_Task details:_ Exactly the lines below from the line with "Snapshot of Goldie_Flame" through the line with "В Каменском проходит" must make up the answer, both ends included and pictures left out.

_Recorded data:_
- - -
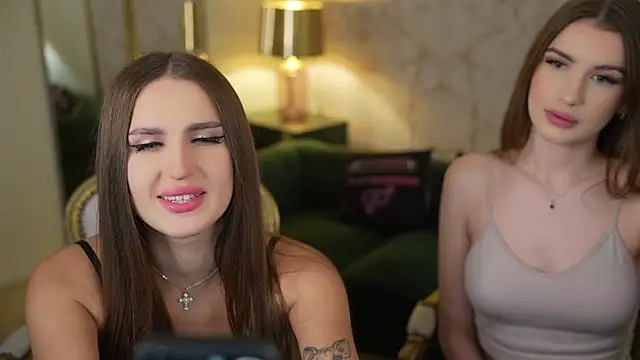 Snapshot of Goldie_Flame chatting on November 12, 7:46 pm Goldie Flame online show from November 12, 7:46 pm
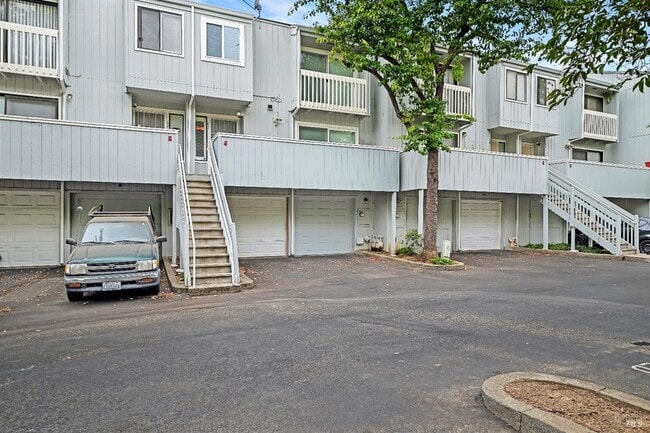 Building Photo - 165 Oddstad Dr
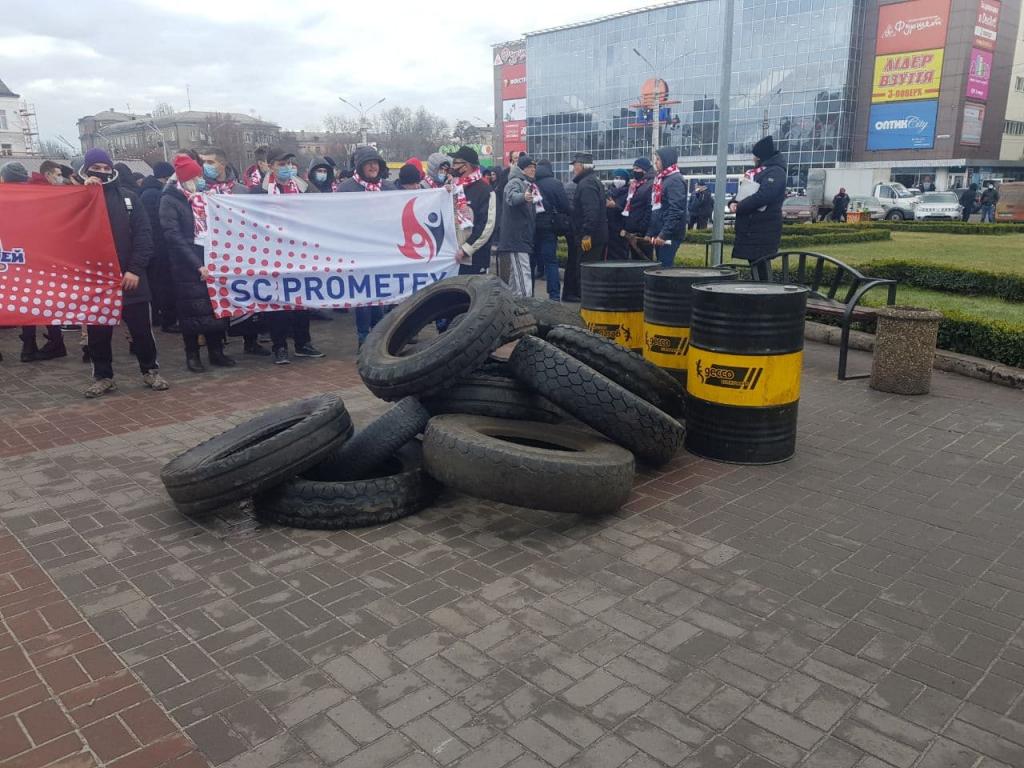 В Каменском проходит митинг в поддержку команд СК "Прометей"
- - -
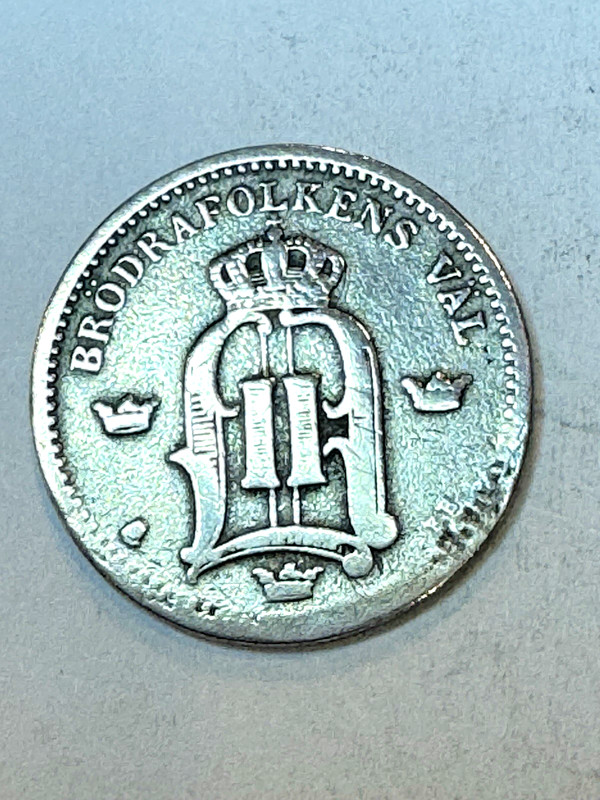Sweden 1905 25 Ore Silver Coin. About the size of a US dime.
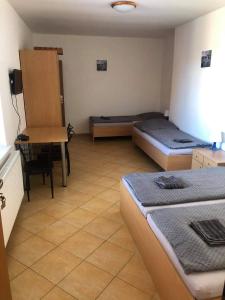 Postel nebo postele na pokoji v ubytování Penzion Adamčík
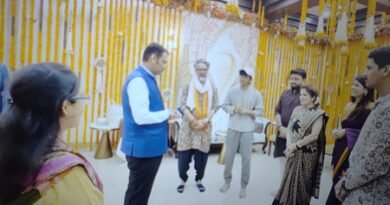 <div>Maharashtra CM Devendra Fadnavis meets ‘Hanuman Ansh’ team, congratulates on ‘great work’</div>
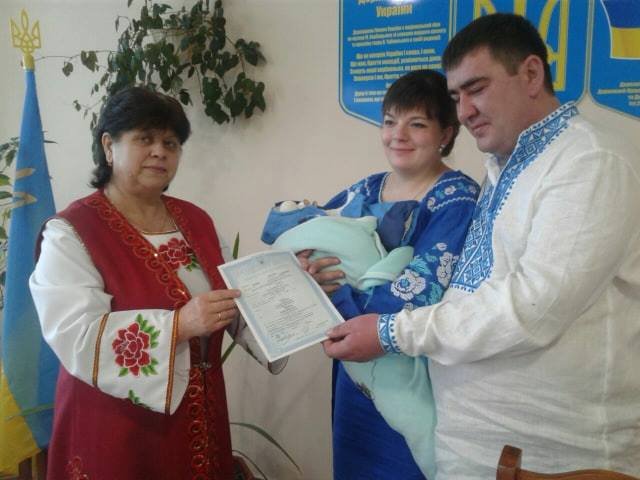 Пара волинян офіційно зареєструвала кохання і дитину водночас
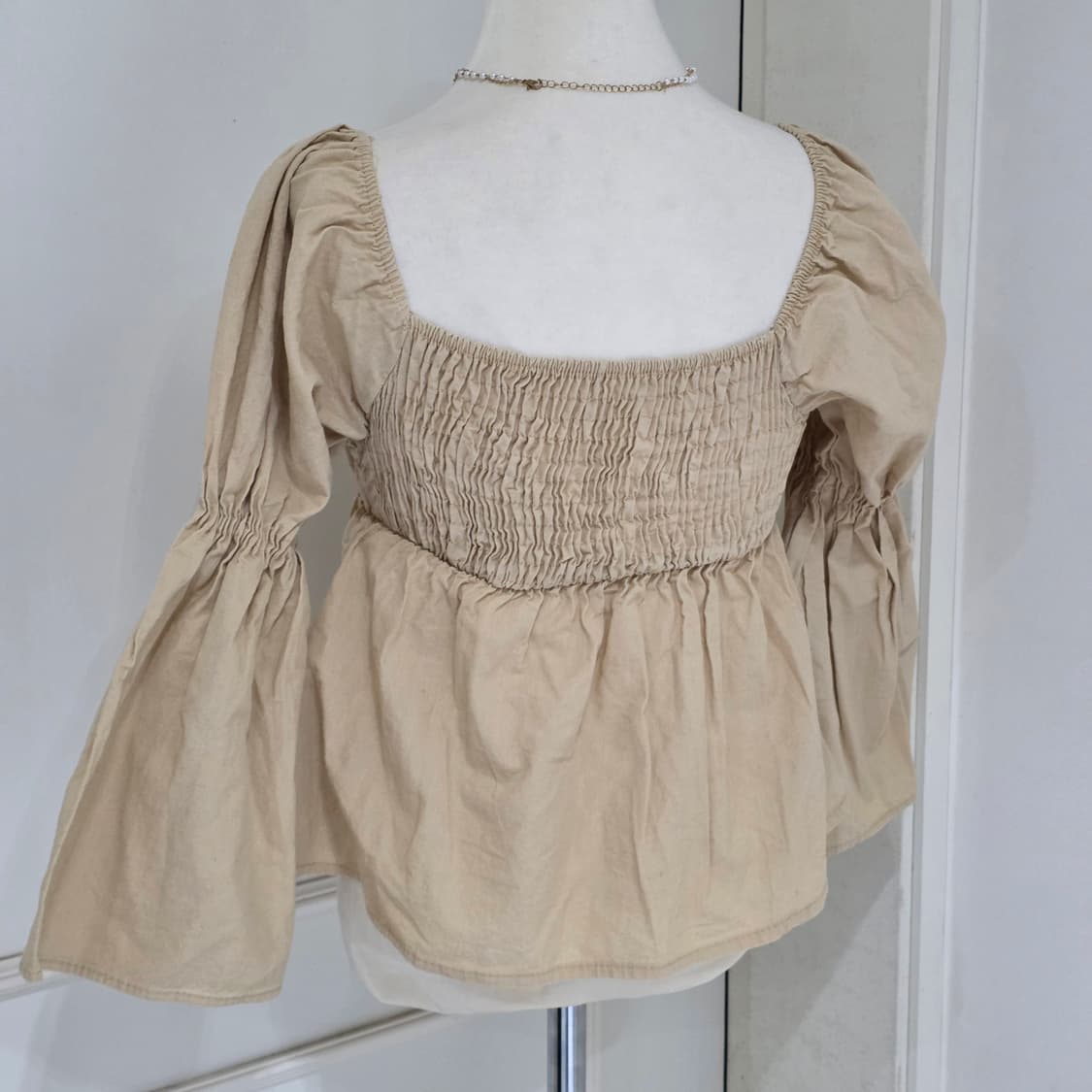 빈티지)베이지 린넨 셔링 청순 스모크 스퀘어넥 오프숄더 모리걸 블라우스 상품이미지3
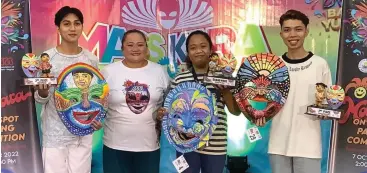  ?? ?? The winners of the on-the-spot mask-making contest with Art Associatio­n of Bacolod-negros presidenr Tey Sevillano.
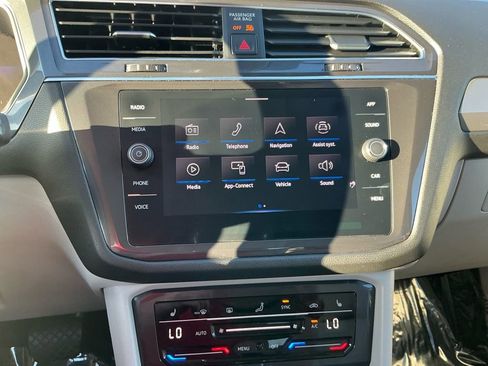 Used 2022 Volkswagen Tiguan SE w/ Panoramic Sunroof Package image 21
- - -
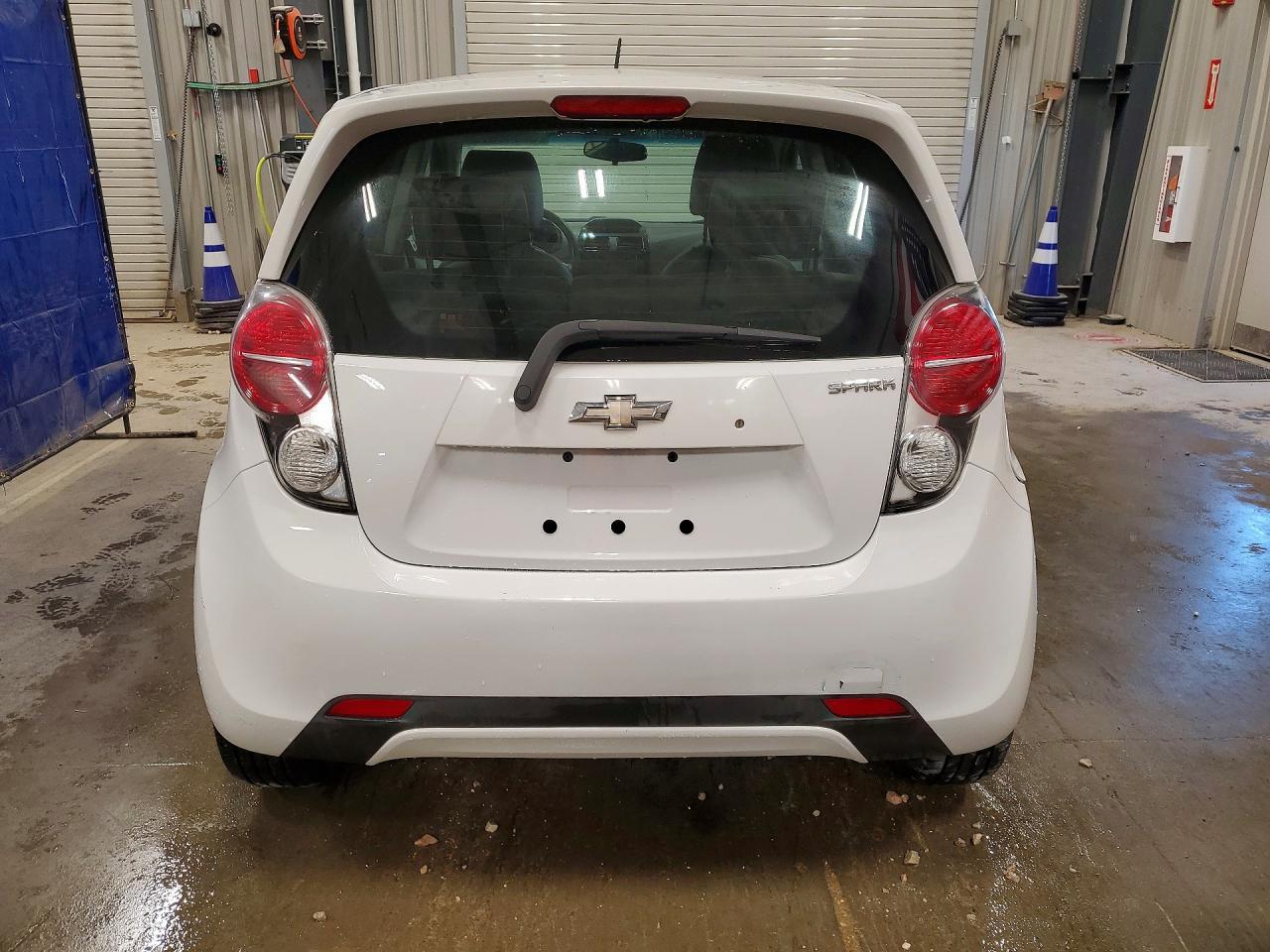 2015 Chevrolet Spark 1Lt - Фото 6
- - -
_Written answer:_
 Snapshot of Goldie_Flame chatting on November 12, 7:46 pm Goldie Flame online show from November 12, 7:46 pm
 Building Photo - 165 Oddstad Dr
 В Каменском проходит митинг в поддержку команд СК "Прометей"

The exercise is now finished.